Life is full of rude awakenings, but few are so cruelly impolite as being forced out of a perfectly comfortable bed at 7:30 a.m. in order to report for jury duty. Being so very civic-minded we nonetheless roused ourselves at that unfamiliar moment of the morning on Monday and presented ourselves for service at the Sedgwick County Courthouse by the mandated time of 8:30 a.m., bleary-eyed and brain-cloudy despite two cups of coffee, and proceeded to do our patriotic duty by somehow staying awake through a cheesy informational video and an interminable wait to be tossed into a jury pool along with 47 of our randomly-selected fellow citizens. Justice surely cannot be properly administered at such an ungodly hour of the morning, we mused as the hours ticked slowly by, but ours is not to question the peculiar workings of the American court system.

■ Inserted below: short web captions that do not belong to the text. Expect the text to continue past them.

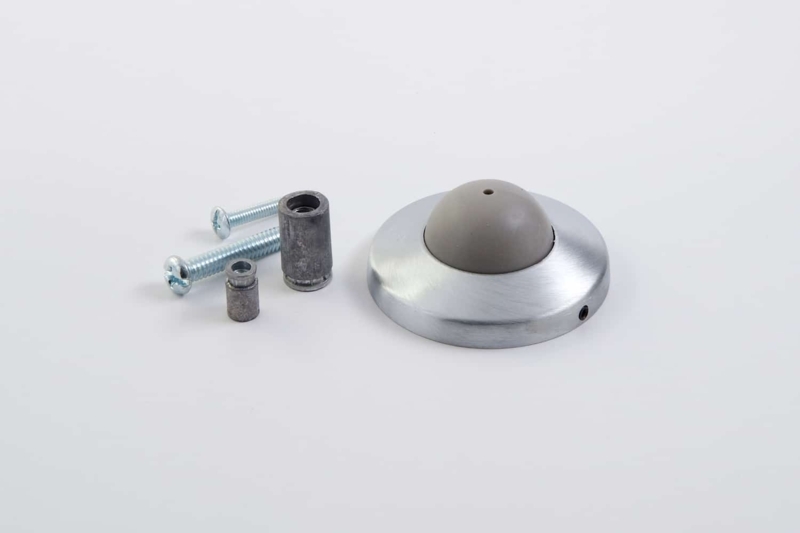 Convex Door Stop, Wall Mounted Brushed Silver, Side Set Screw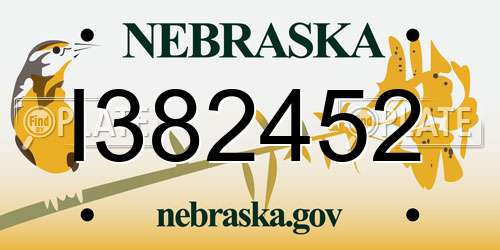 I382452 Nebraska License Plate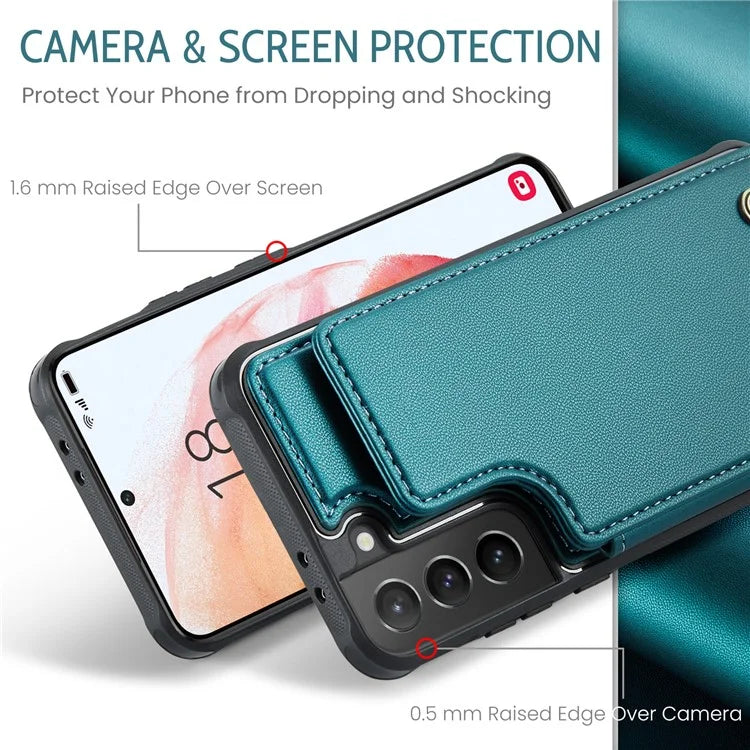 CASEME C22 Series For Samsung Galaxy S21+ 5G Case 5 Card Slots RFID Blocking Kickstand Phone Cover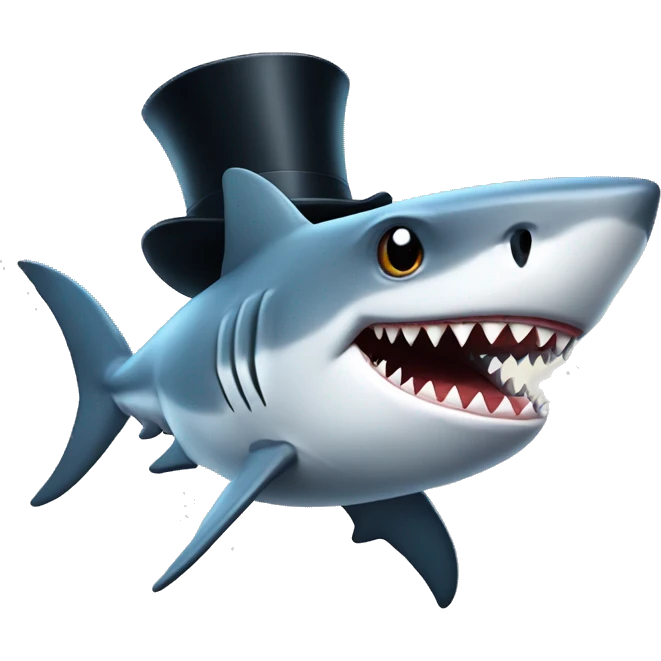 shark with tophat emoji
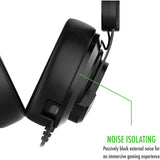 Plugable Performance Onyx Gaming Headset with Retractable Microphone, Noise Isolation, Memory Foam Ear Cushions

The judge admonished all the potential jurors not to discuss the case, and we will heed his order even though we are unlikely to wind up on a jury, as we are the obviously opinionated sorts that the attorneys with the weaker case are always quick to discard, but in any event at this point we know nothing of the case worth discussing. We mention the early morning ordeal only by way of explaining the scantiness of today’s report. Jury duty has not only jarred us from the nocturnal writing rhythm that typically propels our pen to the high standards of this publication, it also deprived of the usual afternoon’s slog through the news in order to find something to rant about. On our drive home for a brief lunchtime nap we heard a few minutes of Rush Limbaugh, who seemed quite agitated about something or another, but otherwise we spent the day frustratingly out of touch with the world’s events.
Nine hours of waiting around the courthouse reading an old P.G. Wodehouse novel in between listening to our pool mates answer questions about their marital status and the ages of their children left us exhausted, but upon returning home we somehow summoned the energy for a quick glance at the always-intriguing headlines on The Drudge Report. There were more outrageous details about the Internal Revenue Service’s systematic harassment of conservative activist groups, a story that had already outraged us, and a new tale that the government has also been snooping through the phone records of the Associated Press. The government’s animus toward the tea party is easily explained, as these groups as so extremist they would severely limit the government to a size that taxpayers are willing to fund, but we could not readily discern why the government would take such an untoward interest in the phone conversations of such reliable defenders as the Associated Press. It’s like the occasional stories of Great Britain or Israel spying on the United States, or at least like it used to be back when we had strong alliances with those countries, and it will be interesting to see how the story plays out. The Associated Press dispatch about the scandal seem understandably miffed, and if this signals the end of a beautiful relationship we suspect the government agents responsible will eventually regret their actions.
Depending on events we might be back to our usual routine by Wednesday, and we hope you will bear with us in the meantime. The news doesn’t always imbue a sense of civic responsibility, but we will press on.